General Electric has agreed to pay $200 million to settle a probe of its accounting practices that showed it failed to disclose problems in its power and insurance businesses.
According to the U.S. Securities and Exchange Commission, GE misled investors about how the power unit was making money and did not disclose rising insurance claim costs that would eventually force it to boost reserves by more than $15 billion.
The SEC has been investigating GE’s accounting for about two years since the company disclosed large write-downs related to the insurance and power businesses.
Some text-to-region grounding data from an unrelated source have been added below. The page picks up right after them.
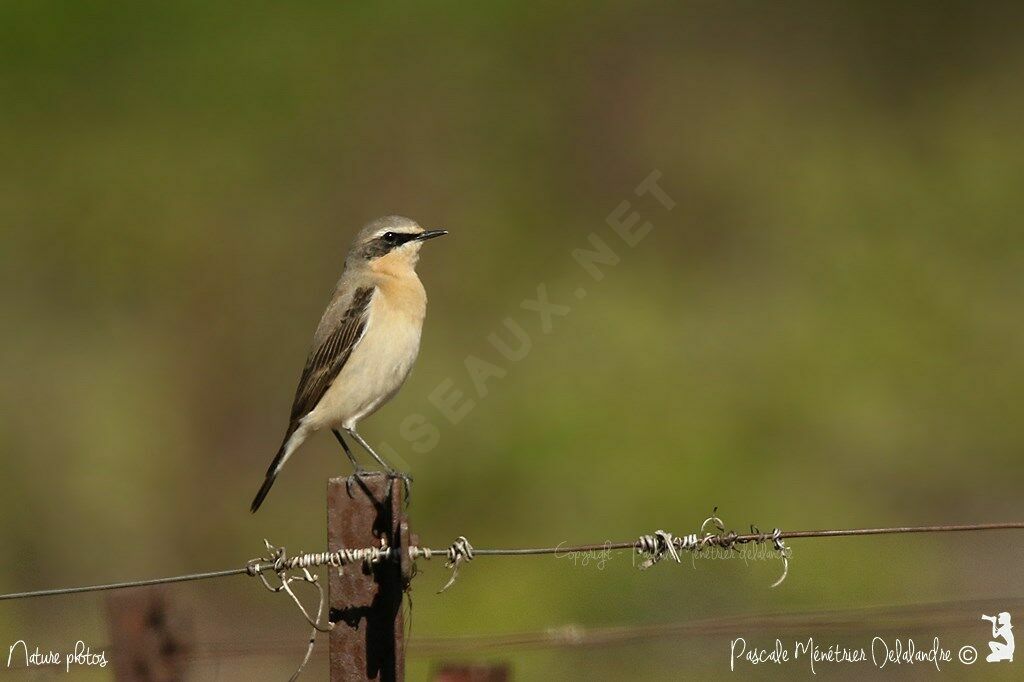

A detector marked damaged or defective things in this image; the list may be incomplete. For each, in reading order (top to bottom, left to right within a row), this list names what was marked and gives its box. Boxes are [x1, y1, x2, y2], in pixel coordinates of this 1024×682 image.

rusty fence post [328, 476, 408, 676]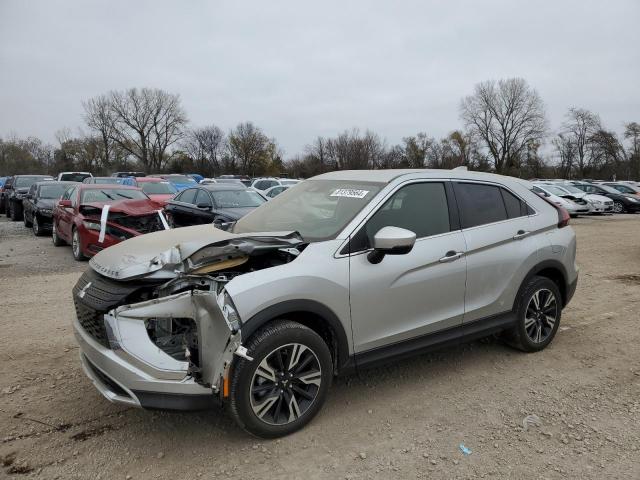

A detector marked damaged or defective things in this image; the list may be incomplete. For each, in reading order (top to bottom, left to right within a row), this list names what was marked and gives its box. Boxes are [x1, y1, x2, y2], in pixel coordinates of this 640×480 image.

crumpled hood [80, 198, 161, 217]
crumpled hood [88, 225, 304, 282]
damaged front end of car [74, 227, 304, 410]
broken plastic debris [524, 412, 544, 432]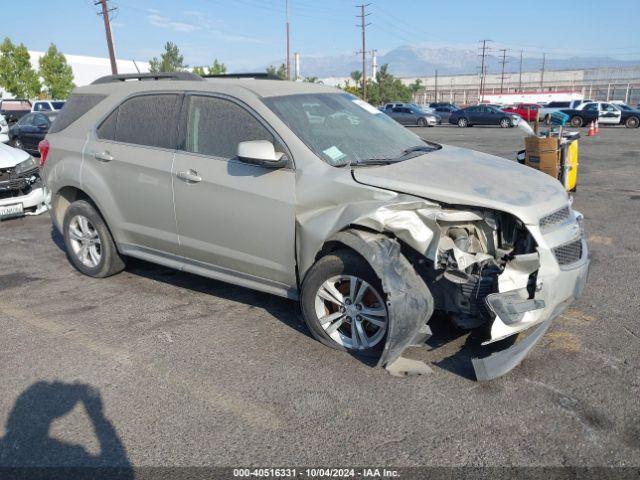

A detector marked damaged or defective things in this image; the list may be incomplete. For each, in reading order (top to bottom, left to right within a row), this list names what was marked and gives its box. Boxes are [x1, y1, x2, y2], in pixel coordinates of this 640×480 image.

crumpled hood [0, 142, 29, 169]
crumpled hood [356, 143, 568, 224]
damaged front end [342, 199, 588, 378]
“GE’s repeated disclosure failures across multiple businesses materially misled investors about how it was generating reported earnings and cash growth as well as latent risks in its insurance business,” Stephanie Avakian, director of the SEC’s Division of Enforcement, said in a news release.
As The Wall Street Journal reports, “Accounting problems surfaced in late 2017 as GE was struggling with declining profits and cash flow following the departure of former Chief Executive Jeff Immelt.” Its stock tumbled in 2017 and 2018, erasing more than $200 billion in market value.
The SEC said in an administrative order that GE failed to disclose that more than one quarter of GE Power’s reported profits in 2016 and almost half of its reported profits in the first three quarters of 2017 resulted from reductions in estimates of the cost to complete its multiyear agreements to provide repairs and service for customers’ power turbines.
GE’s was able to report that its increased industrial cash collections were commensurate with the increased power segment profits by selling longer-term receivables to its finance division, an accounting maneuver known as “deferred monetization.”
“GE failed to disclose to investors its adoption and reliance on deferred monetization which increased present industrial cash flow at the expense of future years,” the SEC said.
The company’s insurance unit, meanwhile, allegedly lowered projected claims costs for the distant future and simultaneously concluded that it did not have insurance losses even though the costs from its long-term care insurance policies were increasing.